The importance of ESG in the world of sustainable development has been growing in recent years. The topic in the financial sector is a very broad one that includes. risk assessment issues, internal policies and strategies, as well as products offered by banks or investment funds. It also extends beyond the banking world to the corporate level. One of the related elements is ESG ratings. In short, they can be considered an external assessment of the level of sophistication in implementing ESG factors in an organization.
By design, ratings are intended to be unbiased information to assess how sustainable a company or bank is in its operations, both in terms of environmental and social factors and in compliance at the level of policies and procedures. They are supposed to form a basis for comparing different entities with each other. Obtaining a high ESG rating is prestigious, as proof of the “greenness” and pro-sociality of the business. Thus, it is potentially a way to prevent suspicion of the notorious recent greenwashing.
This is what ESG ratings look like in theory. With practice, unfortunately, it is somewhat different. First, there are a lot of companies offering and performing ratings on the market today. Assessments are both paid and free. What’s more, some are performed at the request or order of the assessed entity, with its active participation and on the basis of the materials provided. Others without his knowledge based on publicly available information. As you can easily guess, their quality, reliability and, above all, comparability varies greatly. It is also worth noting that the methodologies for performing ESG ratings, the scope and weights assigned to criteria are very often company secrets. Thus, the reasons for a company’s high or low score cannot be verified.
EC regulations for transparency of ESG ratings
The above problems have been recognized at the European level. Proposals for solving at least some of them can be found in the draft regulation on transparency and integrity of environmental, social and corporate governance (ESG) rating activities. The regulation is intended to ensure not so much comparability as a certain transparency of ESG rating methods in the European Union. The regulations apply to rating providers, including those operating outside the EU. Among the rules proposed in the regulation on ESG ratings are provisions to ensure the independence of assessments, the appropriate level of expertise of staff performing the assessments, how to address conflicts of interest, and provisions on data retention obligations.
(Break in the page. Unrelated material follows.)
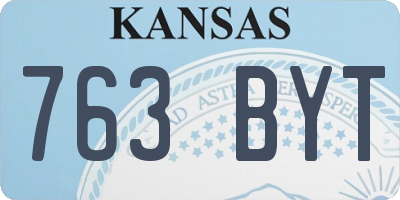 KS license plate 763BYT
Supervision of ESG rating providers would be carried out by the European Securities and Markets Authority (ESMA), among others. issuing permits to operate.
The EC’s proposals to regulate ESG ratings will certainly improve the quality of the ratings issued. Ensuring oversight of the activities of ESG rating providers should weed out questionable and unreliable entities. However, there is still a lack of comparability of results and information about the evaluation methods used. These still may be company secrets. This is a big obstacle, especially for ratings without the participation of rated entities.